* [Records provided]
▶

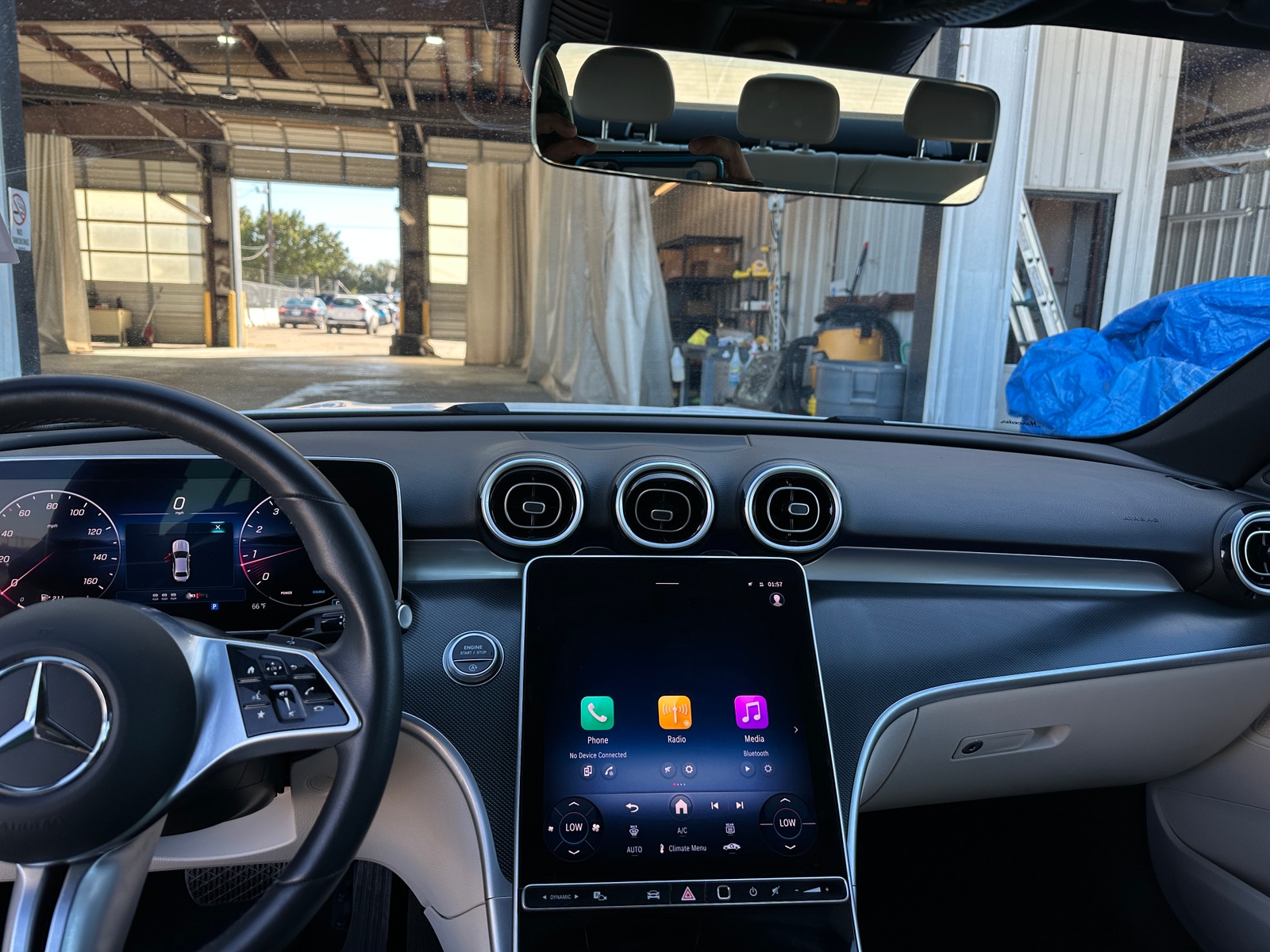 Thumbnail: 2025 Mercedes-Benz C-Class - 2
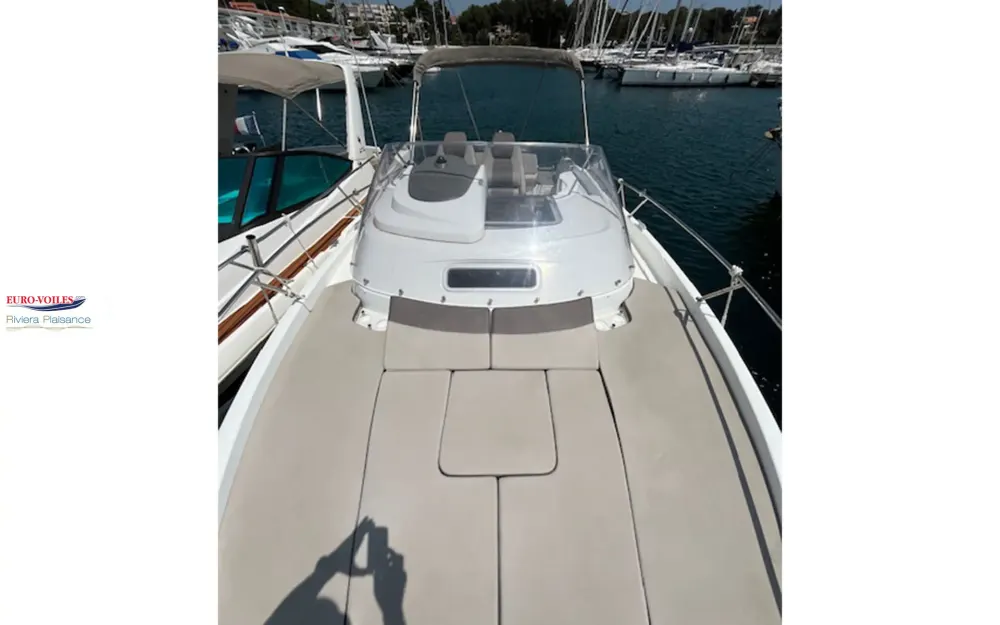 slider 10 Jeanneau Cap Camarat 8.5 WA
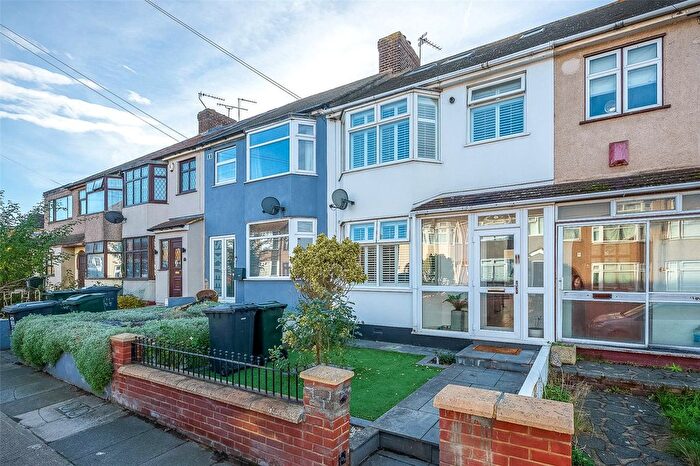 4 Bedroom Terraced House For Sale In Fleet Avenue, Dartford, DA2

◀
▶

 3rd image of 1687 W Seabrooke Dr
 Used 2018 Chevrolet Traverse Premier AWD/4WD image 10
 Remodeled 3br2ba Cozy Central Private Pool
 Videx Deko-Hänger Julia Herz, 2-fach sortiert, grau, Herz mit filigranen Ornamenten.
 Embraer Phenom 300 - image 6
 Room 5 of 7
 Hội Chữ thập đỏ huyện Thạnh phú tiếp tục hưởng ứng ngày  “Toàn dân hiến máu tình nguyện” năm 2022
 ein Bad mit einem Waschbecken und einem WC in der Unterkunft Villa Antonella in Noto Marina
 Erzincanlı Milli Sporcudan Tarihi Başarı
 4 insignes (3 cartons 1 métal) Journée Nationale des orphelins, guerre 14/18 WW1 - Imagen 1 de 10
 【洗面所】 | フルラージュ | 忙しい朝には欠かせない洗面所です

◀

* [Work required] The answer is the lines of the material above, from the one containing "Thumbnail: 2025 Mercedes-Benz C-Class - 2" down to the one containing "4 Bedroom Terraced", given exactly and without images.

* [Answer below]
 Thumbnail: 2025 Mercedes-Benz C-Class - 2
 slider 10 Jeanneau Cap Camarat 8.5 WA
 4 Bedroom Terraced House For Sale In Fleet Avenue, Dartford, DA2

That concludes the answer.